Hawaiian Arts & Craft

The spectacular beauty of the islands has been inspiring Hawaii art and craft for generations. The skilled local people have been developing their crafts for centuries and express the spirit of aloha in a variety of mediums depicting light, shadow and colour including paintings, prints, sculptures, etching, photographs and film as well as carvings and textiles. Whether created to sell, for family, to display or just to keep for themselves, these artisans create masterpieces that continue to endure the test of time.

Cruise - Hawaiian Tikkis

Each island offers a variation on Hawaii art and craft, with the changing landscapes and atmospheres influencing the work produced there.
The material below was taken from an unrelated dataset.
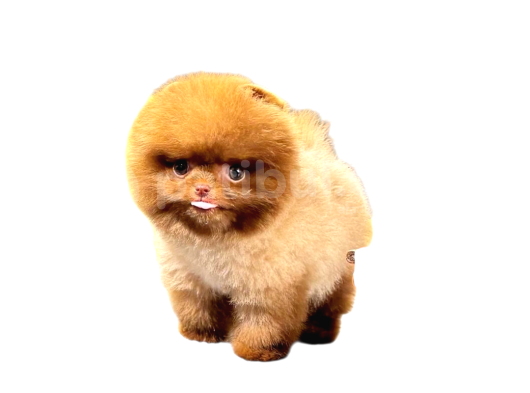 En Mini Pomeranian Boo görsel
For example, Kauai's lush landscapes produce striking and sophisticated artworks while Maui continues the tradition of ivory carving, Oahu blends the modern with the ancient and the Big Island offers fiery creations. Whichever island you visit, each offers a unique and beautiful Hawaii art and craft scene.

Perhaps the two most well-known Hawaii art and craft pieces are the lovely floral leis and the distinctive textiles and quilts. Leis are a quintessential part of the Hawaiian islands and are floral, feather, shell, seed, paper and bead garlands that are worn around the neck. It is a sign of welcoming to bestow a lei upon someone and removing it, particularly in public is seen as offensive, especially to the person who gave it to you. Leis are made by stringing a number of flowers, leaves and other decorative materials onto a strong thread such as fishing line. The most common flowers used to make leis include orchids and plumeria although sometimes silk blooms are also used.

Hawaiian quilts are made from a couple of contrasting fabrics and colours and feature distinctive designs of large single piece symmetrical appliques. Using imagery such as marine life, pineapples and hibiscus, the appliques are created by folding the material and cutting shapes into it before unfolding it to reveal the design. The applique is then stitched on to the larger amount of fabric following the edges of the applique.